Cite as: https://hdl.handle.net/11858/00-001M-0000-0028-9F82-7
Abstract
We report on the current version of the optical sectioning programmable array microscope (PAM) implemented with a single digital micro-mirror device (DMD) spatial light modulator utilized as a mask in both the fluorescence excitation and emission paths. The PAM incorporates structured illumination and structured detection operating in synchrony. A sequence of binary patterns of excitation light in high definition format (1920×1080 elements) is projected into the focal plane of the microscope at the 18 kHz binary frame rate of the Texas Instruments 1080p DMD. The resulting fluorescent emission is captured as two distinct signals: conjugate (c, ca. “on-focus”) consisting of light impinging on and deviated from the “on” elements of the DMD, and the non-conjugate (nc, ca. “out-of-focus”) light falling on and deviated from the “off” elements.

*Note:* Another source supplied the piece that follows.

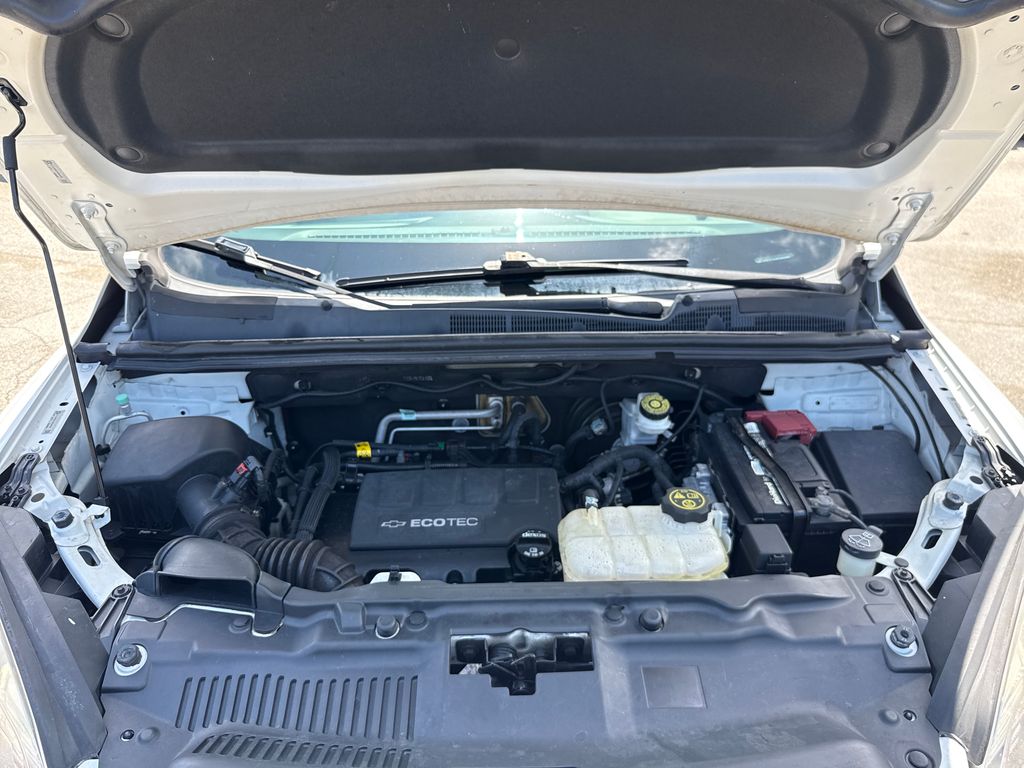 Used 2016 White Chevrolet LS image 28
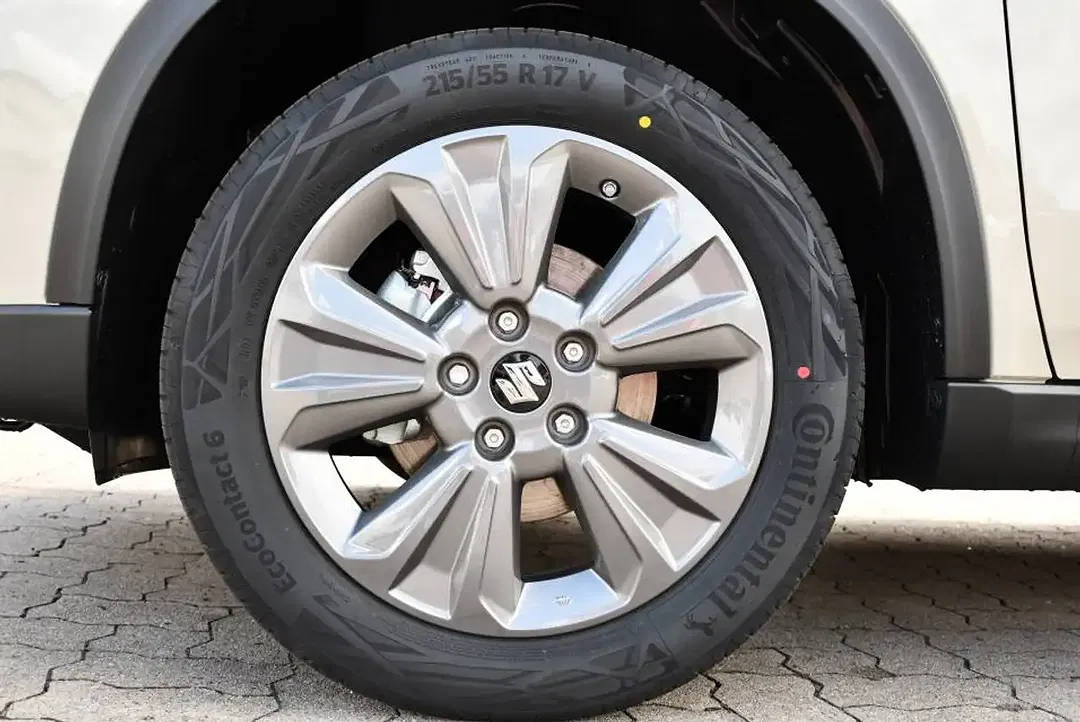 Suzuki Vitara - Thumbnail 5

The two distinct, deflected beams are optically filtered and detected either by two individual cameras or captured as adjacent images on a single camera after traversing an image combiner. The sectioned image is gained from a subtraction of the nc image from the c image, weighted in accordance with the pattern(s) used for illumination and detection and the relative exposure times of the cameras. The widefield image is given by the sum of the c and nc images. This procedure allows a high duty cycle (typically 25-50%) of on-elements in the excitation patterns and thus functions with low light intensities, preventing saturation and minimizing photobleaching of sensitive fluorophores. The corresponding acquisition speed is also very high, limited only by the bandwidth of the camera(s) (100 fps full frame with the sCMOS camera in current use) and the optical power of the light source (lasers, large area LEDs). In contrast to the static patterns typical of SIM systems, the programmable array allows optimization of the patterns (duty cycle, feature size and distribution), thus enabling a wide range of applications, ranging from patterned photobleaching, (e.g., FRAP, FLIP) and photoactivation, spatial superresolution, automated adaptive tracking and minimization of light exposure (MLE), and photolithography.